KI in Niedersachsens Justiz: Der digitale Aktenfresser
Zu viele Fälle, zu wenige Richter: Deutschlands Gerichte sind oft überlastet. In Niedersachsen läuft derzeit ein Projekt zu Künstlicher Intelligenz auf dem heiklen Gebiet der Justiz. Das Ziel: weniger Routinearbeit für den Menschen.
Wenige Schritte vom Hauptbahnhof Hannover entfernt wird die Zukunft der Justiz geprobt, in einem kleinen Arbeitszimmer im Seitenflügel des Amtsgerichts. Tilman Dach erlaubt in einem anonymisierten Fall einen Schulterblick auf seinen Computerbildschirm: "Was Sie jetzt hier sehen, ist das Modul, was es uns ermöglicht, wichtige Informationen aus Schlüsselverfahren zu extrahieren. Das heißt, man lernt die Software darauf an, nach welchen Informationen ich in vergleichbaren Fallgestaltungen in der Regel Ausschau halte."
Entlastung in "Massenverfahren" angestrebt
Dach ist Richter am Amtsgericht Hannover und operativer Projektleiter für die Einführung von Künstlicher Intelligenz in der niedersächsischen Justiz. Seit rund zwei Jahren testet er mit einigen Kolleginnen und Kollegen ein Modul, das helfen soll vor allem in sogenannten Massenverfahren.

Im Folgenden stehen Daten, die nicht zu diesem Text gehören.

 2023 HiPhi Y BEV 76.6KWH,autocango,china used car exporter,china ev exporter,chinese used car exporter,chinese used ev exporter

Das sind beispielsweise Entschädigungsklagen gegen Fluggesellschaften wegen Verspätungen oder - immer noch - Verfahren im Zusammenhang mit dem Dieselskandal. Dach spricht von einer starken Belastung in diesem Bereich. "Wir bekommen viele Verfahren, die inhaltlich ähnlich ausgerichtet sind, die die gleichen Sachverhalte, aber auch die gleichen rechtlichen Fragestellungen betreffen", erklärt der Richter.

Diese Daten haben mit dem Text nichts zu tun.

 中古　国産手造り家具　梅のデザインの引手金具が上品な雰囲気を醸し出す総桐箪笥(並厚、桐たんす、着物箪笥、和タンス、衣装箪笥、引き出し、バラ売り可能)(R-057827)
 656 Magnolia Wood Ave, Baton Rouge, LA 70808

Allein das Amtsgericht Hannover hat im vergangenen Jahr über mehr als 3.500 Fluggastrechte-Fälle entscheiden müssen. Damit Dach in der Flut derartiger Massenverfahren künftig nicht untergeht, hilft ihm probeweise "Maki". Der Name der Sushi-Rolle steht in diesem Fall für "Massenverfahrensassistenz mithilfe Künstlicher Intelligenz".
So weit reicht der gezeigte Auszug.